Telle est la philosophie de Fletcher sollicitant entre autre exemple l’aide d’un enfant du Morbihan pour la réalisation d’une sculpture dorée, une tortue. L’émotion a sans conteste partie liée avec le moi. Mais c’est un moi partagé et chargé de suspense. Pour parvenir à se degré de conscience, Fletcher a du se convertir à l’école des « Unlearners » (celles et ceux qui désapprennent et se déprennent de leurs connaissances académiques). «  ».Telle est la ressource même du voyage. C’est un mode indécis dont la pratique suppose un détachement continu des choses. De cette distanciation naît l’amour. Aussi vraie qu’elle épargne la confusion idolâtre du regard porté sur les choses. Et je vois Fletcher comme un grand amoureux des êtres, des paysages, de tout ce qui vit, de tout ce qui respire. Mais Fletcher n’est pas un contemplatif. N’est-il pas aujourd’hui la plus éclatante illustration de ce souci de rester éveillé, alerte, libre ? Il est tentant de voir à travers l’exemple de Fletcher le désir le plus affirmé d’innovation cher à l’Américain de tous les âges. Son oeuvre est un défi permanent à la coutume de tous les hommes. « All men are partially buried in the grave of custom, and of some we see only the crown of the head above the ground », déclarait Thoreau, en recourant à la métaphore la plus violente dont il avait le secret. Je pense que Fletcher s’y reconnaîtrait d’autant qu’il n’est pas un romantique. On ne trouvera, dans son oeuvre, ni la référence à un Shelley ni le souffle pathétique d’un Greenberg. Fletcher, ce me semble, est plus proche d’Emerson ou de Keats qui ont écrit des oeuvres presque aussi belles que le matin lui-même. C’est-à-dire sans intellectualisme et avec une proximité de vues qui les rapprocherait plus de la patiente qualité observatrice d’un entomologiste que de l’exaltation dithyrambique chère à l’aède révolté.

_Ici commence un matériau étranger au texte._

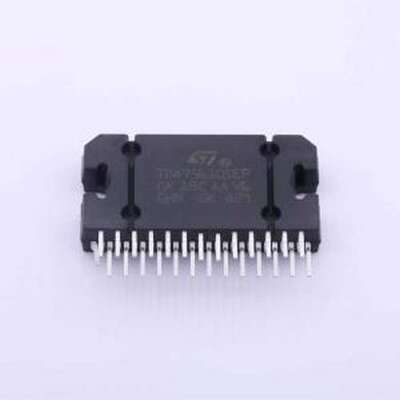 TDA75610SEP-HLX 音频功率放大器 TDA75610SEP-HLX FLEXIWATT-27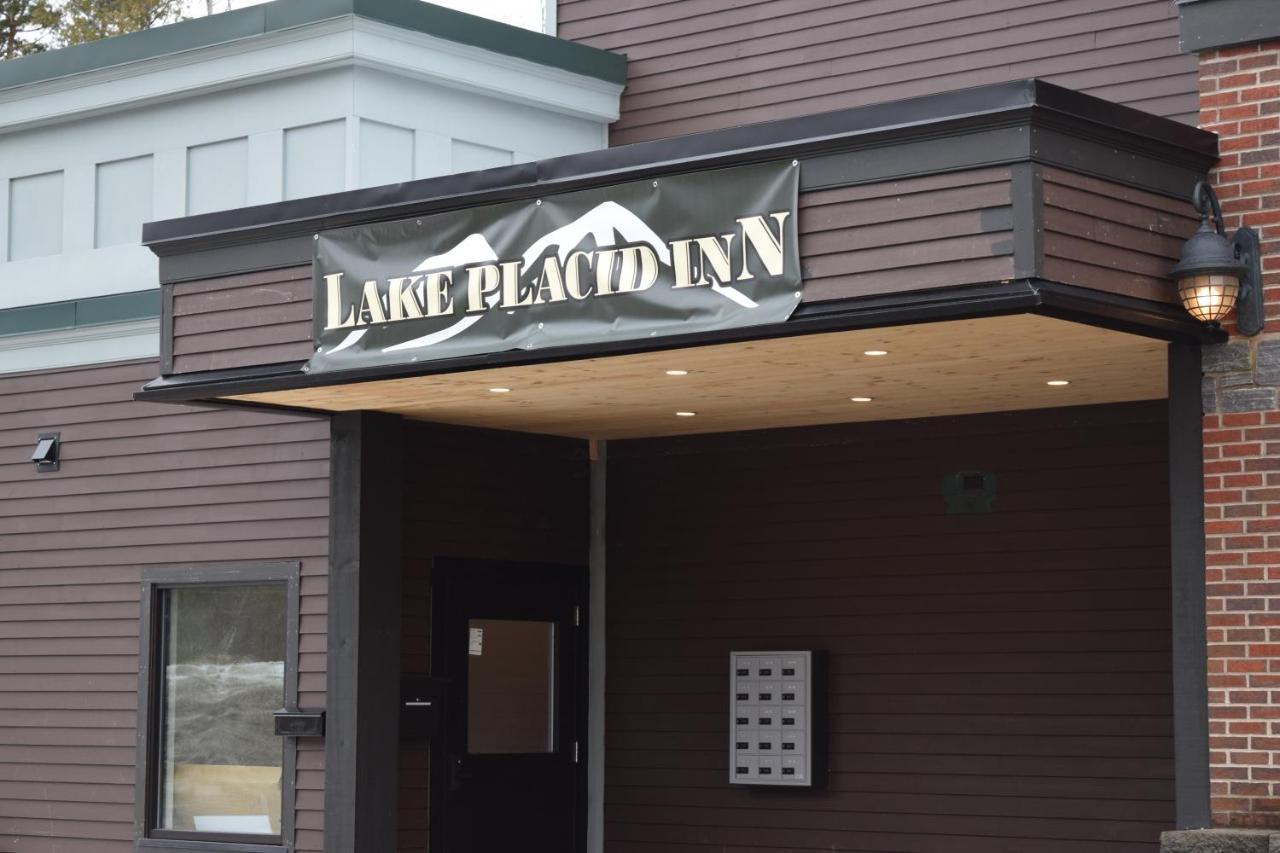 Lake Placid Inn: Main Street Exterior photo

Qu’est-ce à dire ? Pour capter l’attention de ses découvreurs, Fletcher établit une rythmique. Soit un dispositif qui oscille entre des phases de concentrations et de relâchements. Il en va dans sa vie comme dans son oeuvre. Il en découle un flux d’énergie canalisée par des choix de sujets ou par l’utilisation de matériaux – souvent de récupération – qui dans la généalogie de son oeuvre sont à la fois antagonistes et coopératifs. On ne rencontrera ni action se déchargeant par saccades ou par spasmes ni crises intenses mais au contraire une énergie continue qui parcourt cette oeuvre et qui se déploie en une séquence ordonnée que le verbe anglais « to mind », très riche de sens, résumerait à lui seul. Pour conclure, je citerai fort à propos la définition de ce verbe que donne le pragmatiste John Dewey : « ‘Mind’ est originairement un verbe. Il se réfère à toutes les transactions au moyen desquelles nous traitons consciemment et expressément les situations dans lesquelles nous sommes placés (…) ‘To mind’ dénote une activité qui est intellectuelle, prendre bonne note d’un état de choses ; affective, comme prendre soin de et aimer, et volitive, pratique, dans le sens d’agir selon un plan  ». « Well, Who is Mister Harrell Fletcher « What does he do » ». A la double question que vous voudriez poser, je répondrais : « He minds, he only minds ».